Work request:
Please work out how many lines of this material include "증가하고", and answer with that number by itself.

Available data:

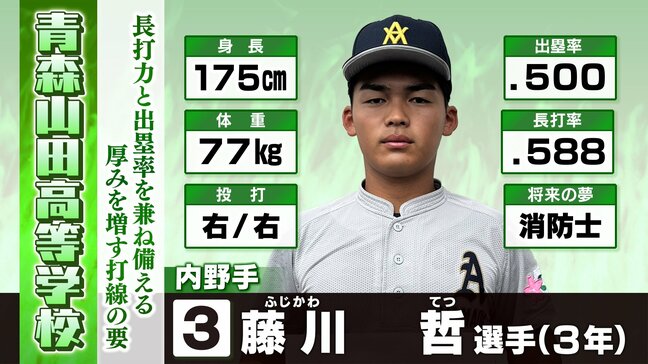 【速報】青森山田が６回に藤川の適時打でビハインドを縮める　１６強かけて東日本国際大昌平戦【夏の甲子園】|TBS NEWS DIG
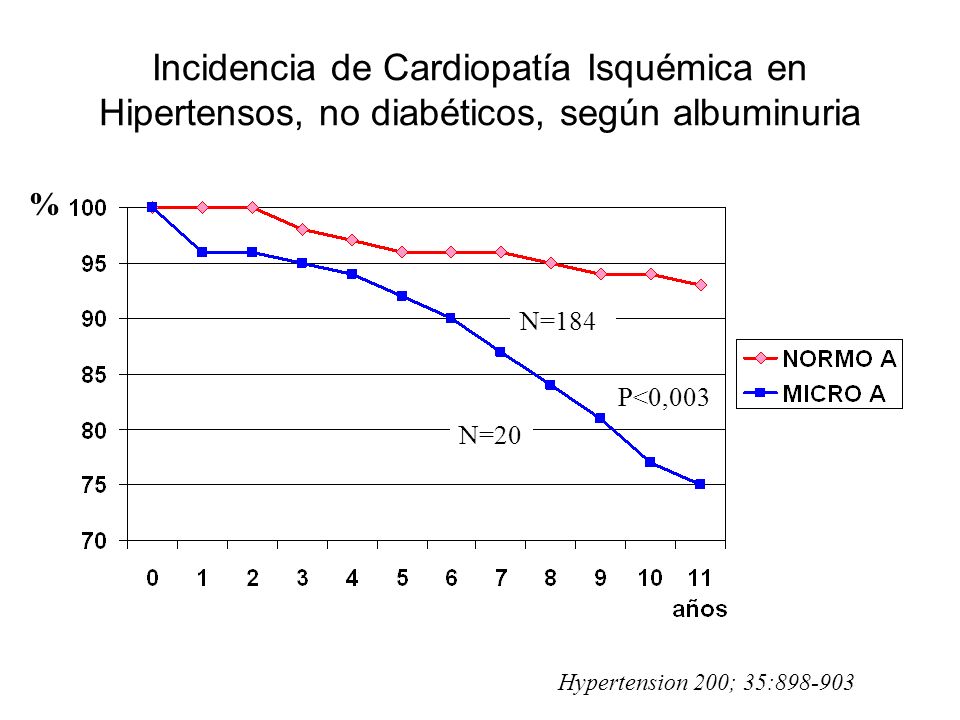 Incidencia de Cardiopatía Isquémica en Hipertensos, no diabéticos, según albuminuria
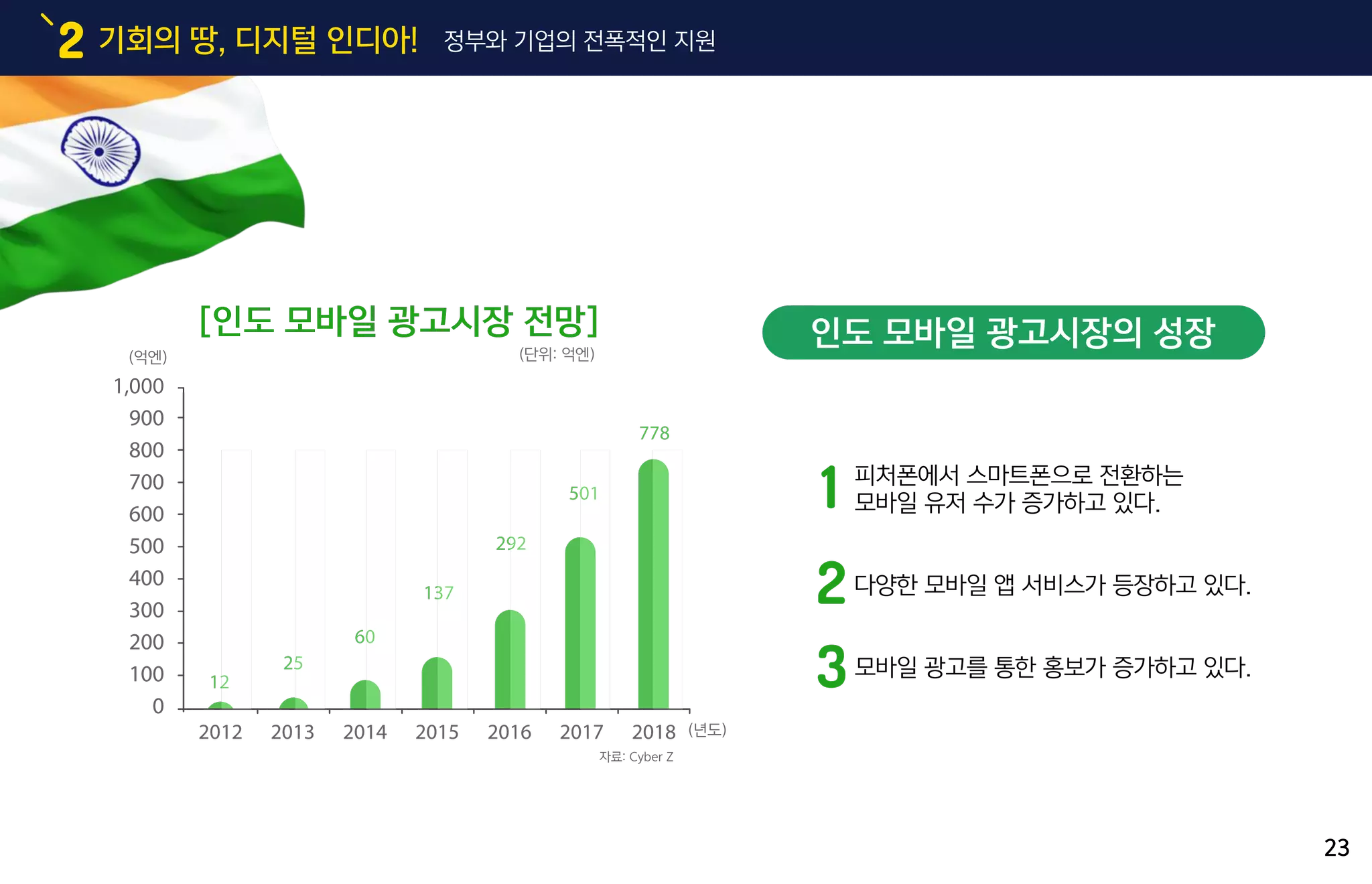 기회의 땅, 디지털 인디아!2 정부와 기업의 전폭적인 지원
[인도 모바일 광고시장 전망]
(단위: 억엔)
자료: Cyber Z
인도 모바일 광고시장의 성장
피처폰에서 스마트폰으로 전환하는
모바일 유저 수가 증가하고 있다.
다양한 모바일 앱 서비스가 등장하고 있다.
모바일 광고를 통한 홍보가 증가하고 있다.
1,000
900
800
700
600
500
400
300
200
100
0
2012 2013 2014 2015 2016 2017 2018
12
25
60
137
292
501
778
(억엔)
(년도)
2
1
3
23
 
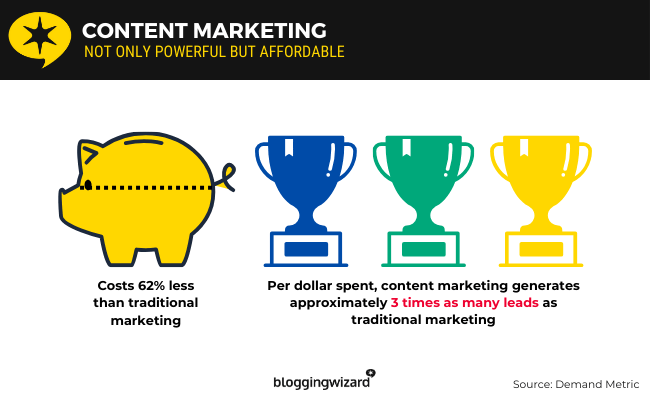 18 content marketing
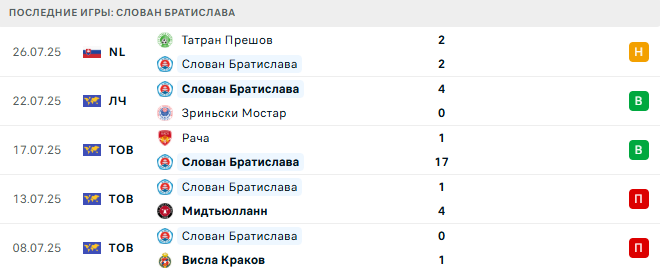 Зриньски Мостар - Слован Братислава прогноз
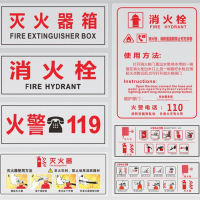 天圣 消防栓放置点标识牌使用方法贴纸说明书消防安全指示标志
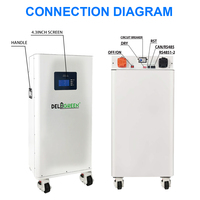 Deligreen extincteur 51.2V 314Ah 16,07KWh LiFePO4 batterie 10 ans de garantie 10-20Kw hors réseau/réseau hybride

==

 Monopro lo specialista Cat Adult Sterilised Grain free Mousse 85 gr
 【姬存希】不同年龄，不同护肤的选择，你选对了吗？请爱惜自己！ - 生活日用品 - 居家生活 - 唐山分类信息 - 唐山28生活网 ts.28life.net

---

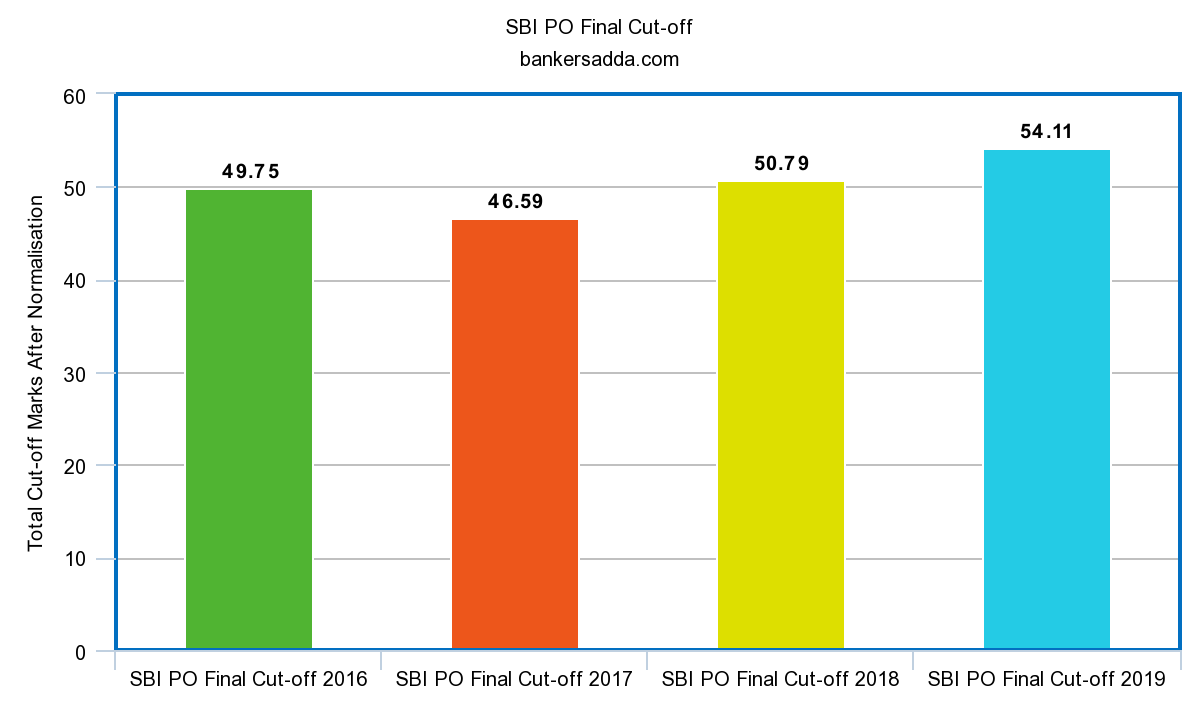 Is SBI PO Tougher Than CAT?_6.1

Written solution:
2